There are several issues raised in the practice of scientific cloud computing. The first issue is that the input data (usually with large size) must be deposited in a cloud resource to run a cloud program over the data set. So the compatibility between data-generation and transfer speeds achievable must be assessed (Schatz _et al._ 2010). Currently one option is to use High-speed internet. Another option is to ship physical hard drives to the cloud vender.

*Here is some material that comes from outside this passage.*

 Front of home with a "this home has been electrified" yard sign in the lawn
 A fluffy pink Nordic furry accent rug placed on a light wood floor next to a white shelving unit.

Another issue is the cost. Although with cloud computing we can avoid dealing with cost associated with local equipment maintenance and staffing, the cost model of current cloud service provider is complex for scientific cloud computing users to determine the actual full cost (Truong _et al._ 2010). For instance, in the work of Juve _et al._, the cost of Amazon S3 is at a disadvantage for workflows with many files since Amazon charges a fee per S3 transaction (Juve _et al._ 2010).

Security and privacy is another concern for scientific cloud computing users. In GIS applications, many location-based services involve the location and identity information of users, and location and identity privacies need to be considered (Wang _et al._ 2010). Also, the geospatial data of a country are usually very sensitive that it will raise concern when data are stored in cloud provided by foreign organization (Yang _et al._ 2010).

h2. Part 5. Recommendations

What should NCSA do next step? Should we invest some time on setting up some private cloud? some Cloud tools?